Entrevistas
Amazônia precisa de pesquisa de interesse nacional
Adalberto Val
Senador defende equilíbio entre produção
e preservação
João Alberto Capiberibe
Entrevistas Anteriores
|
Senador
defende equilíbio entre produção e preservação
Durante
sua primeira gestão como governador do estado do
Amapá, o senador João Alberto Rodrigues Capiberibe
implementou o Programa de Desenvolvimento Sustentável
do Amapá (PDSA). Reconhecido internacionalmente,
o programa teve como eixo principal o estímulo ao
desenvolvimento de atividades econômicas florestais
madeireiras e não-madeireiras no estado. No Congresso,
Capiberibe defende, entre outras causas, um modelo de uso
dos recursos naturais de maneira a preservar a floresta,
valorizando a diversificação das atividades
econômicas, por meio de estímulo governamental
a atividades não degradantes e à pesquisa
científica. O senador acredita que, no âmbito
nacional, um programa com a visão do PDSA, que defende
o equilíbrio entre a atividade econômica e
o meio ambiente, é possível, desejável
e necessário.
ComCiência
- De que forma as florestas no Amapá contribuíram,
por meio do PDSA, para o desenvolvimento social e econômico
do estado?
João Alberto Capiberibe - A maior contribuição
do PDSA foi conseguir que as pessoas que vivem nos centros
urbanos se dessem conta de que estavam vivendo no coração
da floresta. Havia um divórcio entre os moradores da
cidade e a vida ribeirinha, daqueles povos que habitam a floresta.
O programa valorizou e deu uma definição econômica
aos produtos da floresta, sejam eles madeireiros ou não-madeireiros.
Iniciou-se um debate econômico no sentido de desenvolver
a cadeia produtiva dos recursos florestais. No caso da madeira,
o sentido era proporcionar a exploração manejada
dos recursos madeireiros e adensar a cadeia produtiva, com
a transformação dessa madeira em produtos nobres,
para diminuir a pressão sobre a floresta.
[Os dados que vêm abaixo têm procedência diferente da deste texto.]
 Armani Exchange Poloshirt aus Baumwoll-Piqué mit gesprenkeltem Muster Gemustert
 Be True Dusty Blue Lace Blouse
E, para os
recursos não-madeireiros como cipós, frutos
e castanhas, passamos a industrializar e beneficiá-los.
A castanha do Pará – que é a castanha
de toda Amazônia, brasileira e não brasileira
–, nós, a partir de organização
de cooperativas de castanheiros, passamos a industrializar
e a transformar em óleos, farinhas e biscoitos de castanhas.
Uma parte dessa produção era absorvida pelo
estado para a merenda escolar. Isso fez com que a floresta
entrasse nas cidades. A essa valorização econômica
dos diversos produtos da floresta terminou trazendo o debate
da preservação das florestas para dentro das
cidades e as pessoas passaram a se dar conta que, culturalmente,
elas são muito próximas do rio e da floresta.
ComCiência-
Seria possível, pensando nas diferentes realidades
brasileiras, ser implementado um programa semelhante ao PDSA
no âmbito nacional para o desenvolvimento de atividades
florestais?
Capiberibe – Nesse caso, na verdade, um programa
como esse seria muito mais abrangente e trabalharia com essa
grande diversidade sociocultural e ambiental do país.
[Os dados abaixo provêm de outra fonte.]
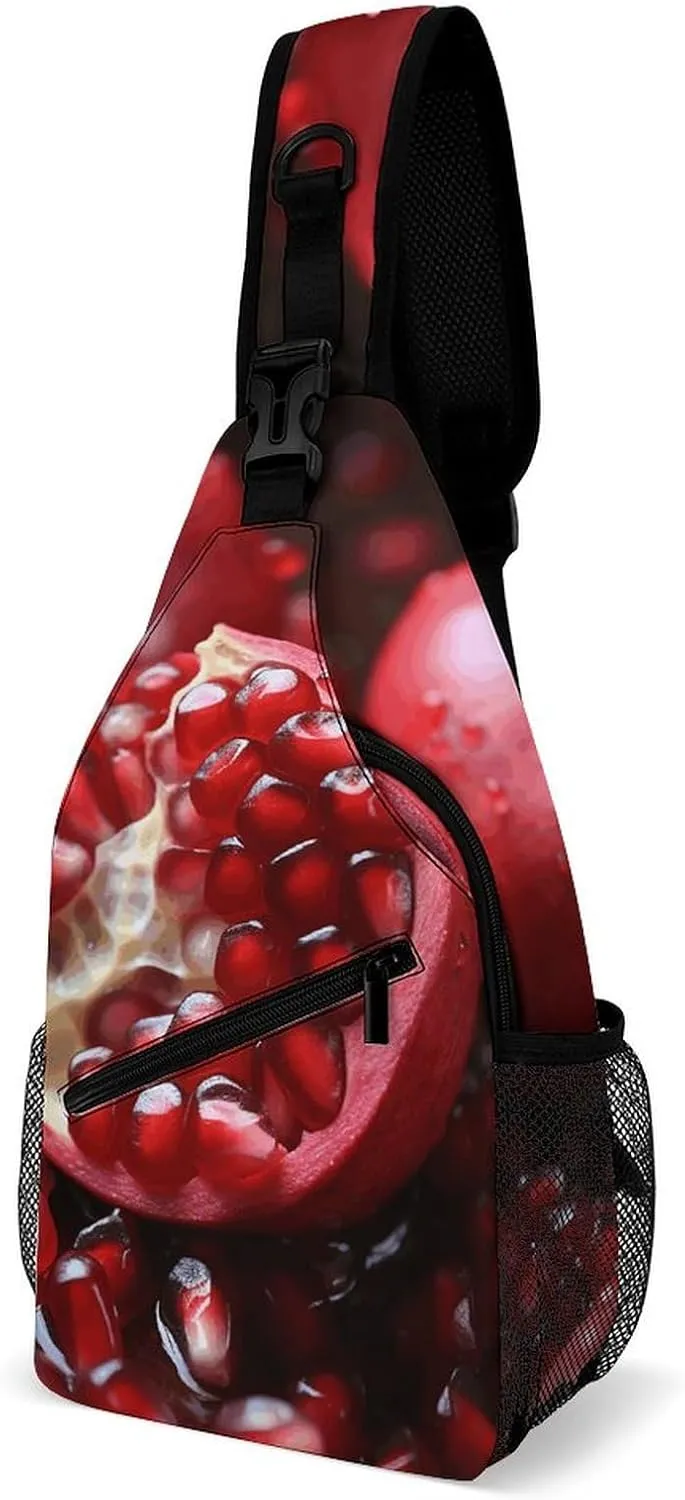 Pomegranate Fruit Crossbody Bags Mini Sling Bag Fanny Chest Bag Travel Daypack Sling Backpack for Men Women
Eu acredito que é totalmente possível. Primeiro
seria preciso estabelecer um zoneamento econômico, ecológico
e social do país como um todo. Nós iríamos
valorizar alguns ecossistemas esquecidos e alguns até
destruídos de forma sistemática. A partir dessas
informações colhidas evidentemente haveria um
tratamento muito diferente do que ocorre na costa atlântica,
por exemplo. Porque não somente a Mata Atlântica
foi destruída, mas também a costa atlântica
está sendo sistematicamente destruída. As paisagens
mais bonitas do litoral estão sendo ocupadas de forma
desordenada. Mas você teria então, a partir desse
zoneamento, uma utilização muito racional de
todos os espaços físicos do país. Um
programa com essa visão, de equilíbrio entre
a atividade econômica e o meio ambiente é possível
sim, e aliás, não só possível
como ele é desejável e é necessário.
Acredito
que a forma de ocupação que temos hoje está
causando danos enormes e irreversíveis, que atingem
grandes contingentes populacionais. A ocupação
de alguns mananciais de água doce do estado de São
Paulo, por exemplo, tem uma implicação direta
na falta de água na capital. A destruição
dos leitos de rios em vários estados brasileiros está
provocando a escassez de água doce. Então, uma
costa como a nossa, a costa atlântica de 8500 km de
extensão, não existe um plano, um planejamento
do uso desse espaço. Pelo menos eu não conheço
nada desse tipo. Tenho visitado várias áreas
da costa atlântica e tem muita coisa destruída.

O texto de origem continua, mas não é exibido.